A la conflictividad ha contribuido, también, la
actitud de los poderes públicos. Además de evidenciarse de nuevo un gran
problema de gobernanza y descoordinación entre administraciones (la Administración
General del Estado puede aprobar plantas fotovoltaicas de más de 50 MW incluso
con informes negativos de una Comunidad Autónoma), estas se han mostrado, en
términos generales, remisas a la hora de gobernar el proceso. Durante un largo
tiempo, han dificultado incluso las iniciativas energéticas de carácter comunitario,
social o individual -por ejemplo, a través del malhadado “impuesto al sol”- en
beneficio de las grandes empresas. Por otra parte, salvo en contadas excepciones y pese a lo
que en materia de planificación establece la Directiva (UE) 2018/2001 relativa
al fomento del uso de energía procedente de fuentes
renovables, los poderes públicos no se han dotado de
instrumentos de planificación territorial que orienten las implantaciones energéticas, estableciendo claramente los
espacios excluidos y los de preferente localización, aprovechando para estos
últimos de manera prioritaria los terrenos degradados, los corredores de
infraestructuras energéticas y de comunicación ya existentes,
así como los polígonos industriales y comerciales, y las áreas logísticas. El suelo agrícola
debería ocuparse cuando ya no hubiera más alternativa y no como primera opción,
porque la transición energética, necesaria y deseable, no puede ir en
detrimento de la base material de la producción de alimentos y de la vida que
albergan los suelos.
Por el contrario, se está decidiendo proyecto a
proyecto, sin una consideración global del
territorio de implantación y con unos
procedimientos de evaluación ambiental muy poco participativos a escala local.

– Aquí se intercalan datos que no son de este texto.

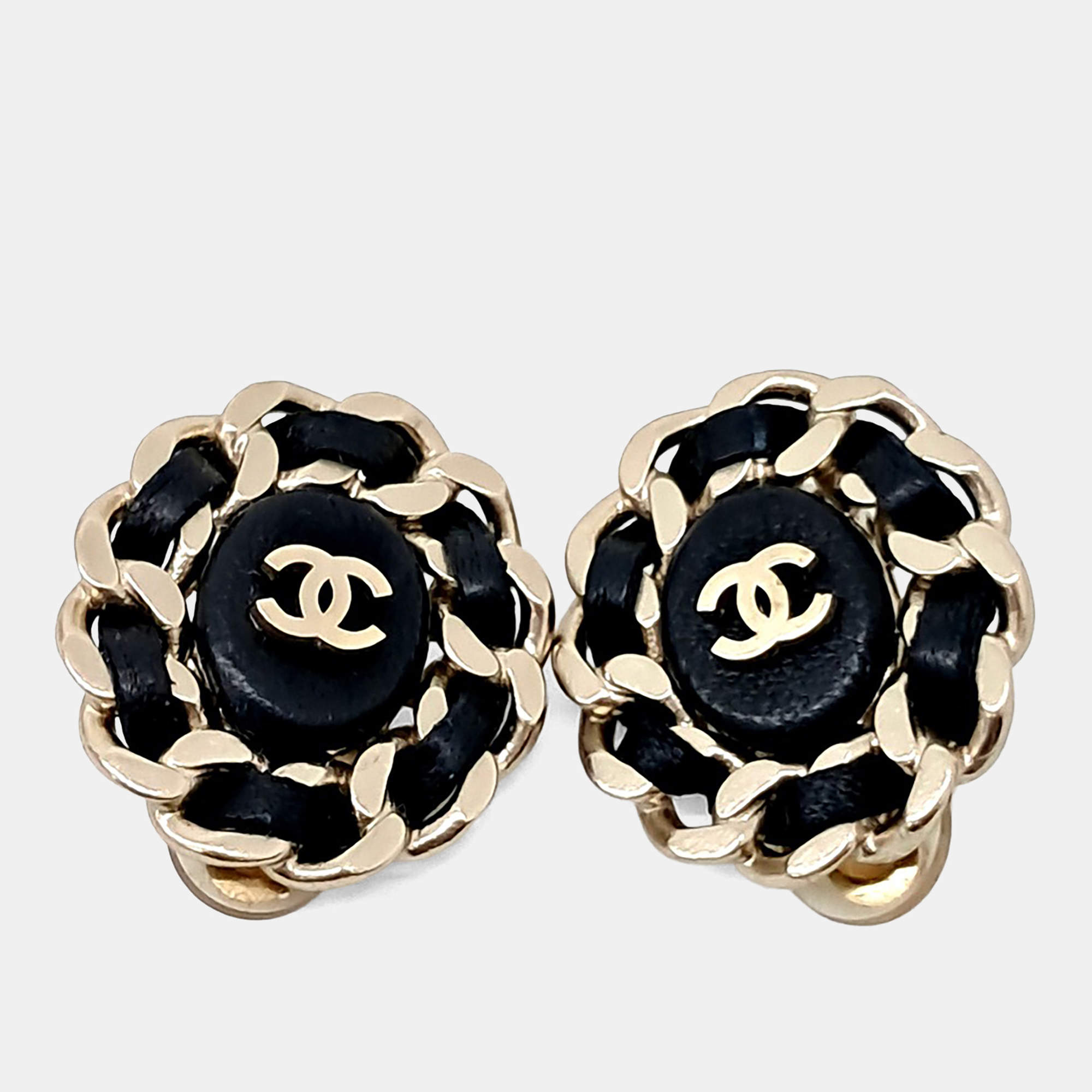 Pre Owned Chanel Black, Gold CC Logo Clip-on Earrings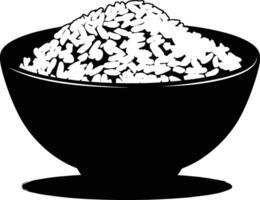 AI generated Silhouette a bowl of rice food black color only vector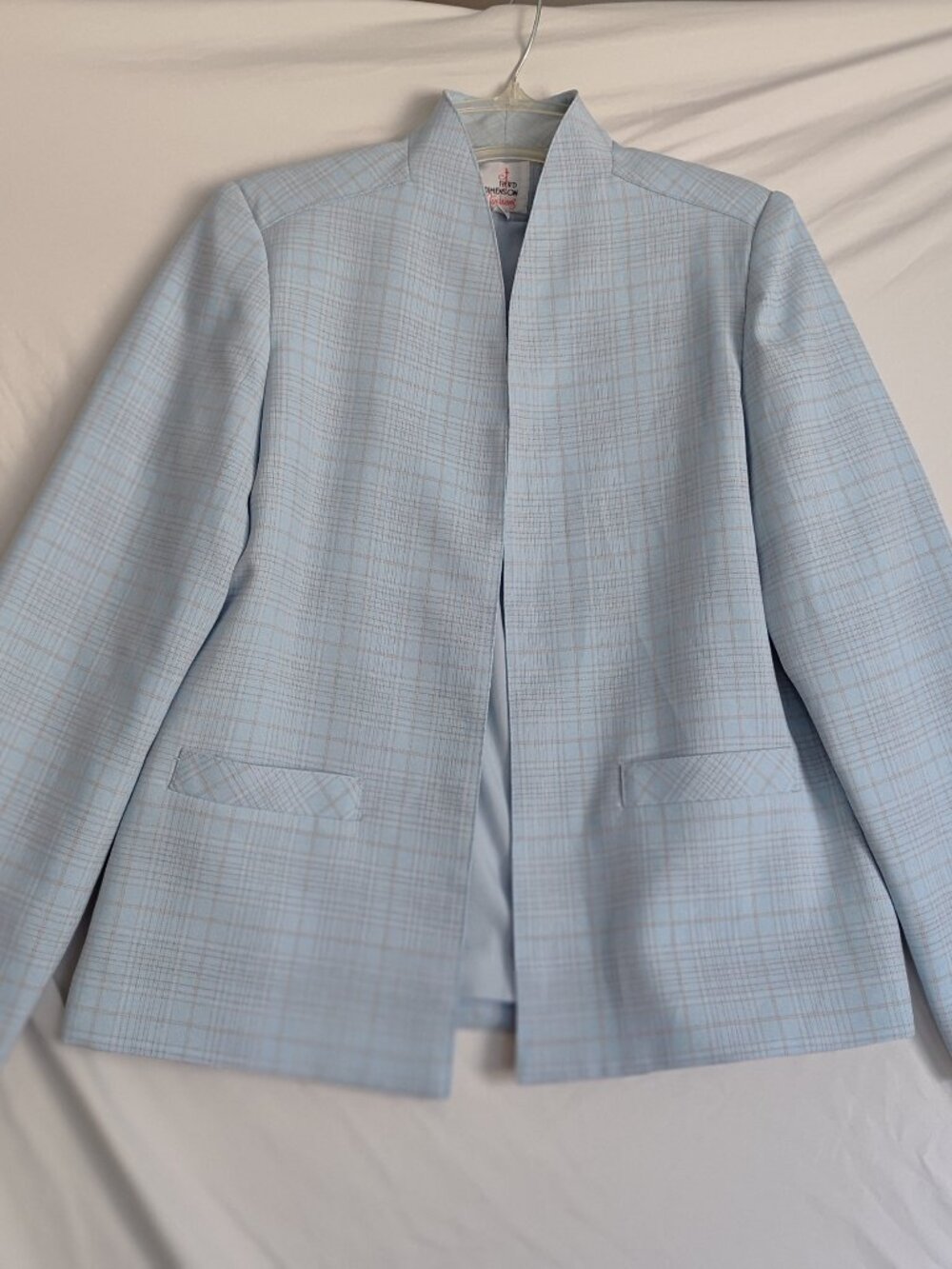 Vintage Third Demension SuitJacket Size 11/12 Light Blue With Plaid Patterns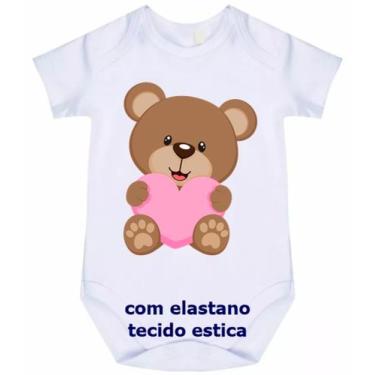 Imagem de body bebê urso coração cód 866 - nick aloha, Branco, P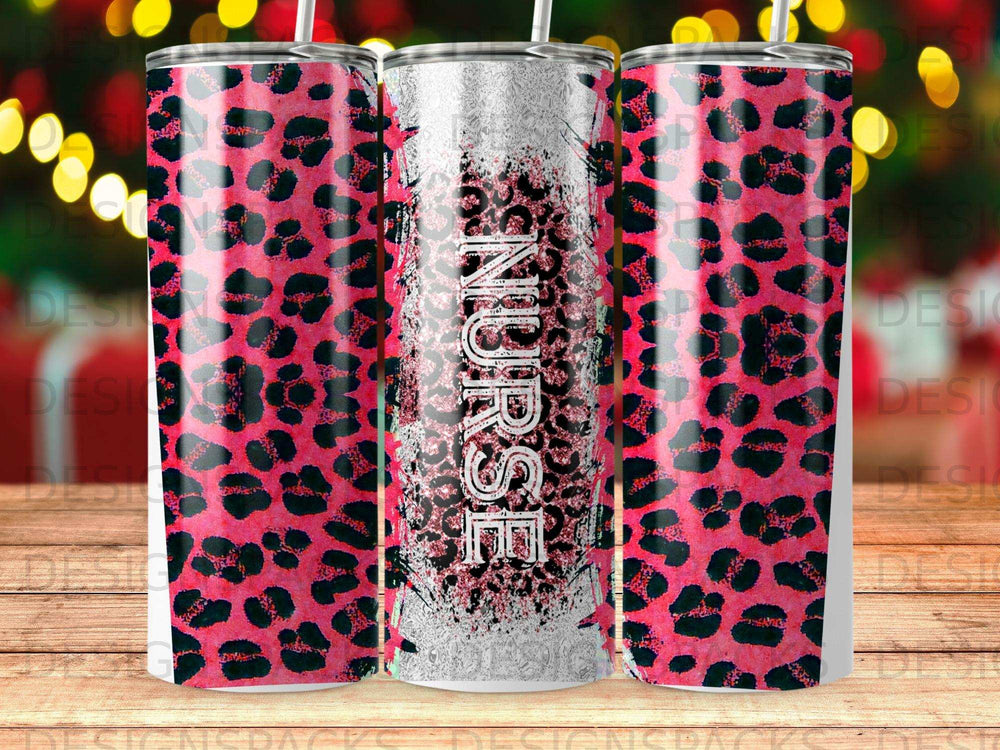 Pink leopard print tumbler with "Nurse" text in distressed white.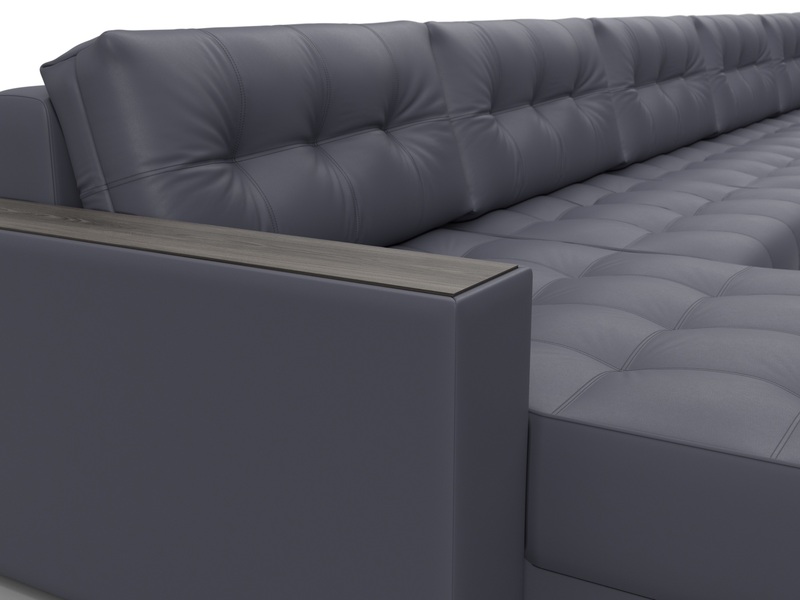 Диван П-образный с декором Лига-049 НПБ Мегалонг, Экокожа, GRIFON 15 серый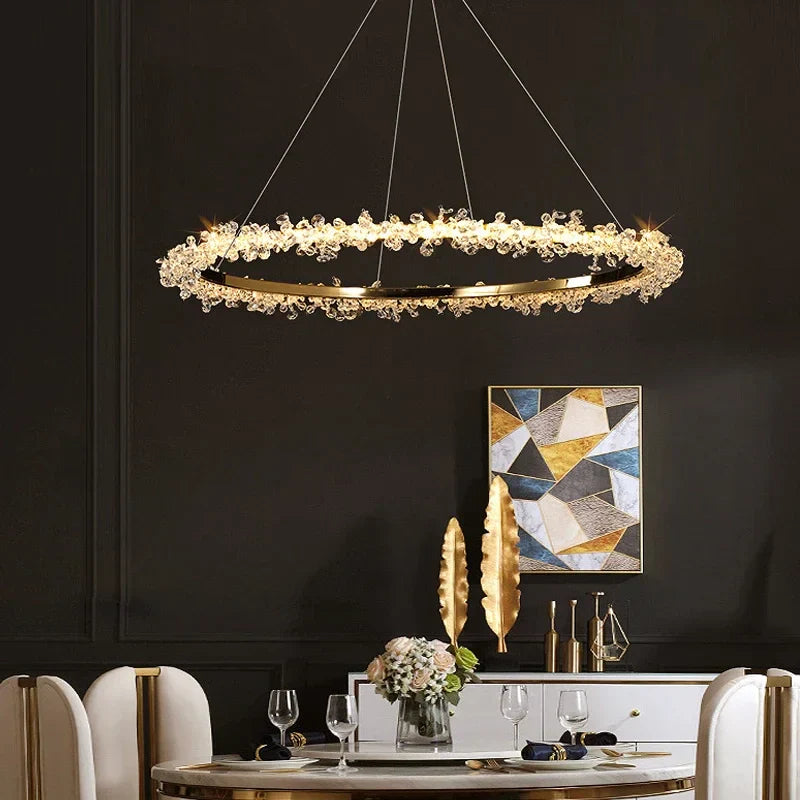 Decorbites™ Lámpara de Araña Redonda LED de Cristal Dorado para Iluminación de Lujo en Interiores
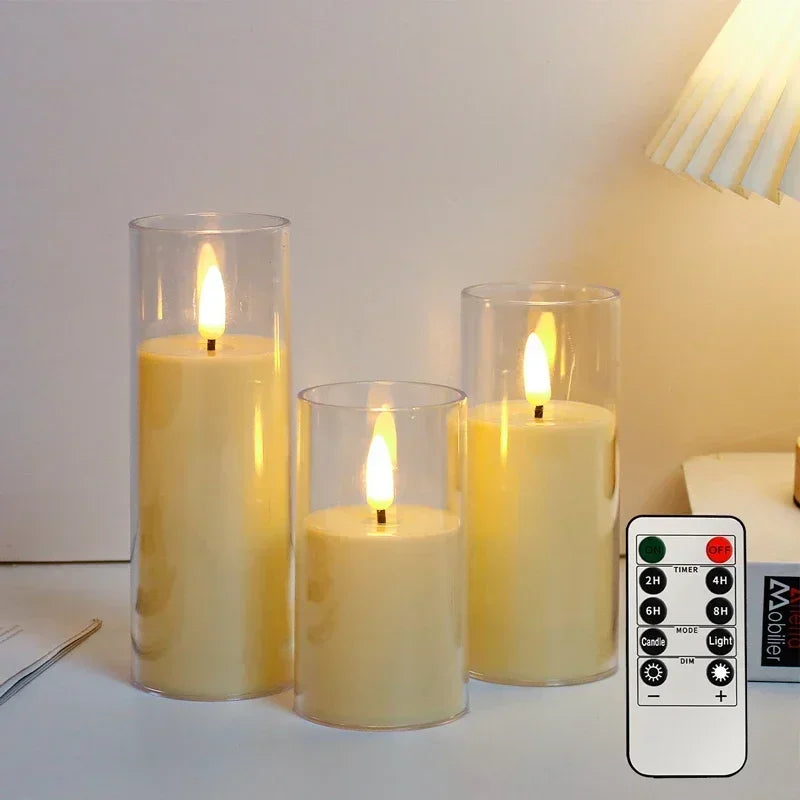 LED Flameless Pillar Candles – Set of 3 - Ivory – With Remote & Timer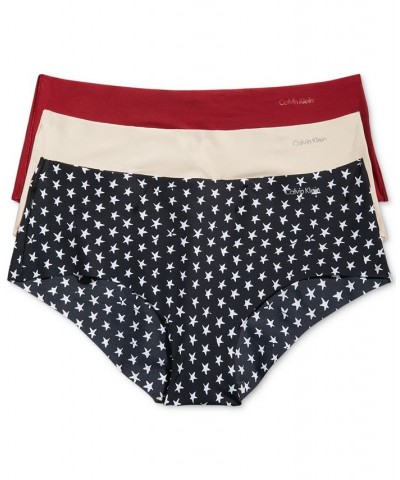 Women's Invisibles 3-Pack Hipster Underwear QD3559 Star Stamp/beechwood/red Carpet $17.67 Panty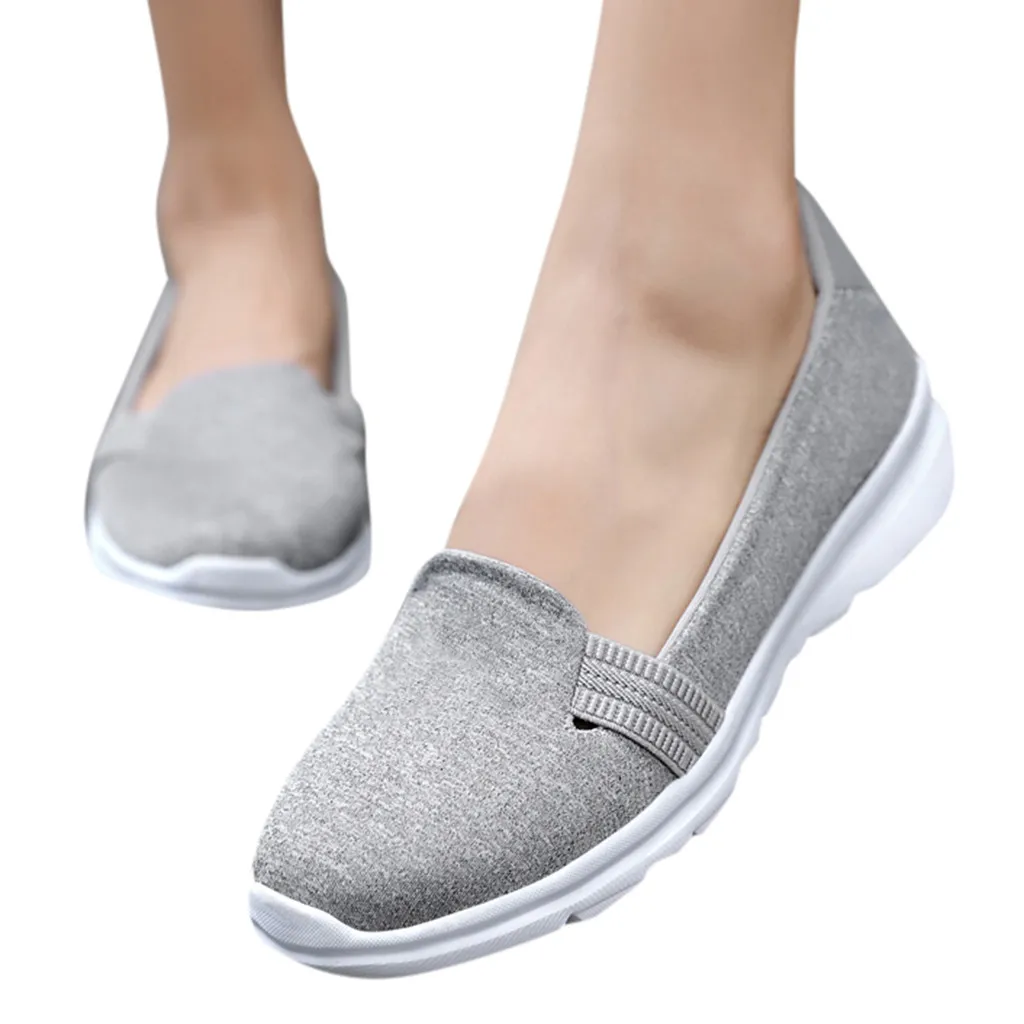 Summer women shoes women Breathable Mesh sneakers shoes ballet flats ladies slip on flats loafers shoes Plus size#N3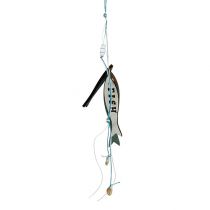 Product Wooden hanger fish blue 36cm 4pcs
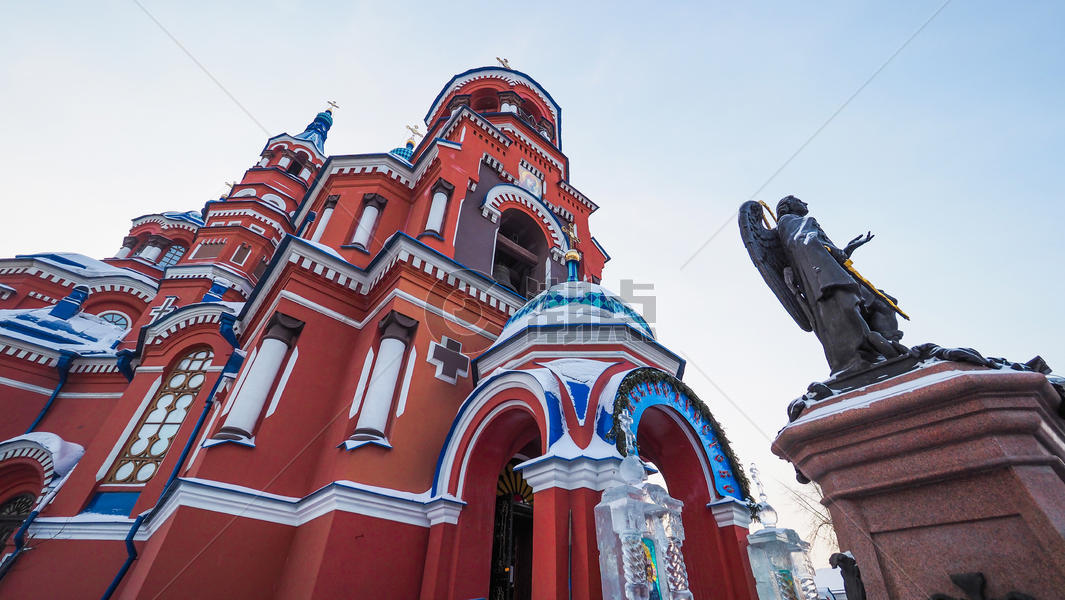 俄罗斯伊尔库茨克喀山大教堂图片素材免费下载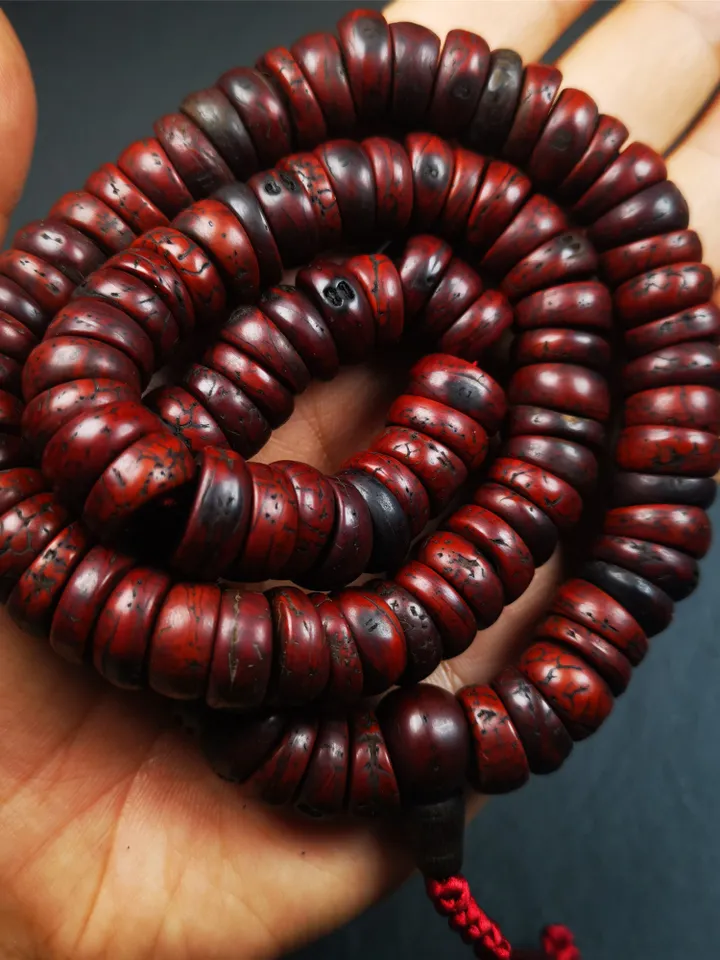 Gandhanra Old 108 Bodhi Seed Beads Mala,13mm Prayer Beads Necklace for Meditation,Circumference 54cm
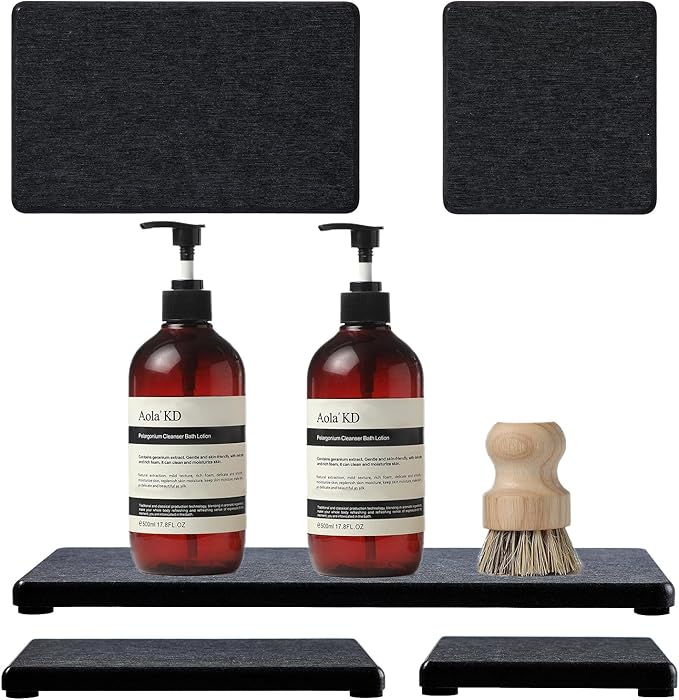 3PCS Water Absorbing Soap Dish Sponge Holder, Diatomite Stone Drying Tray Mat Sink Caddy for Kitchen Counter & Bathroom, Small Stone Bath Mat Faucet Accessories Organizer Protector, Dark Gray, 9"x 3.5"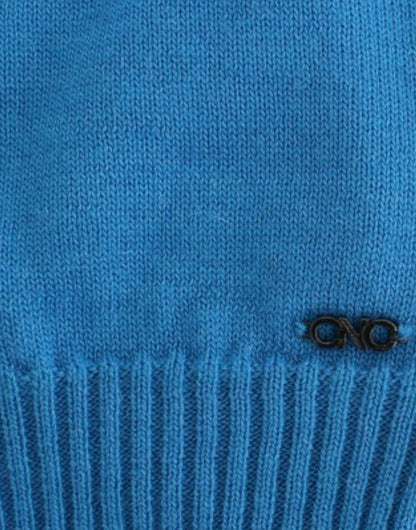  - Cozy Scoop Neck Blue Knit Sweater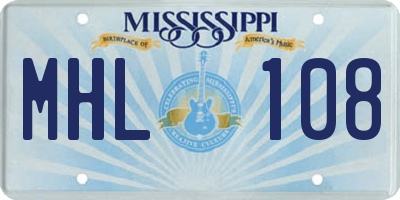 MS license plate MHL108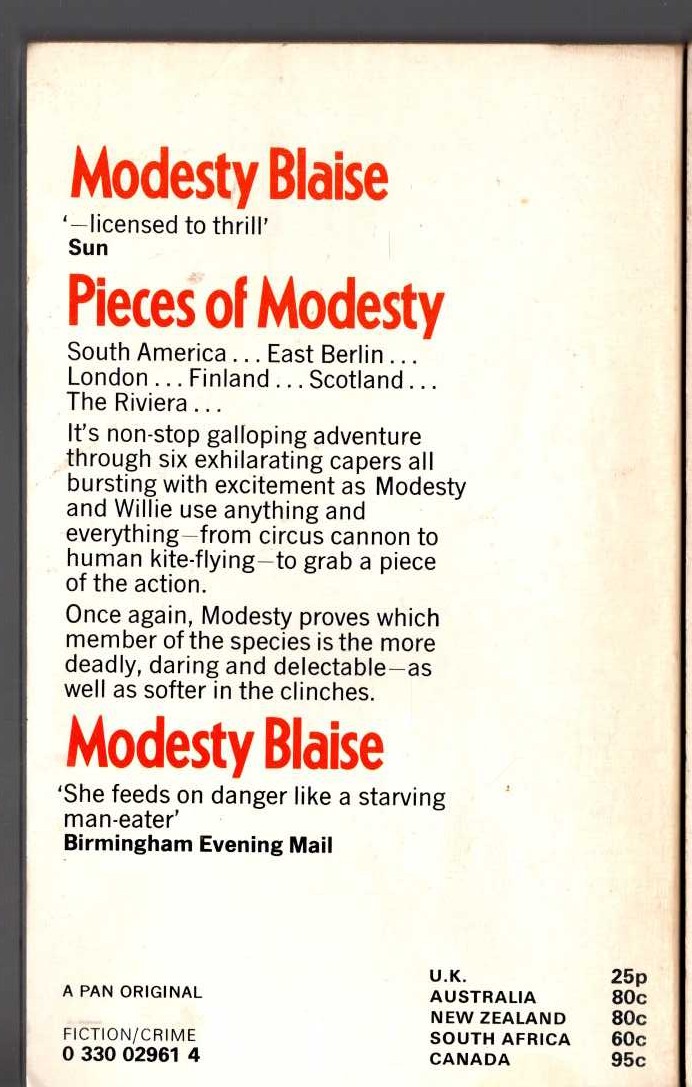 Peter O'Donnell  PIECES OF MODESTY magnified rear book cover image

Además, al no existir instrumentos de planificación territorial o sectorial, se
está vulnerando también el efecto útil de la Directiva 2001/42/CE, relativa a
la evaluación de los efectos de determinados planes y programas en el medio
ambiente, muy pertinente para megaproyectos de renovables de tan alta
incidencia ambiental y territorial en las escalas comarcal y local. Salvo
excepciones, ha sobrado improvisación y ha faltado gobernanza territorial,
previsión, claridad y un buen conocimiento de los territorios. El riesgo de
“metástasis” territorial, de nuevas burbujas especulativas e incluso de
judicialización, puede ser la consecuencia de no haber partido de una buena
planificación estratégica y de planes territoriales sectoriales claros que
confieran coherencia al proceso.
Las urgencias sobrevenidas no son argumento para
sostener que “no hay alternativa” porque esa afirmación, a nuestro juicio, no
se ajusta a la realidad. Se ha echado en falta hasta ahora una discusión en
torno a modelos, así como mayor transparencia y participación de los actores
concernidos, en especial en la escala local. Parecería que, renunciando a
intervenir de manera efectiva, las administraciones quisieran privilegiar la
presunta eficiencia económica en detrimento de la equidad territorial, ambiental
y social. Se trataría de una visión profundamente errónea: la transición
energética solo será posible si es, a un tiempo, eficiente y justa. De lo
contrario, suscitará tales resistencias que resultará inviable.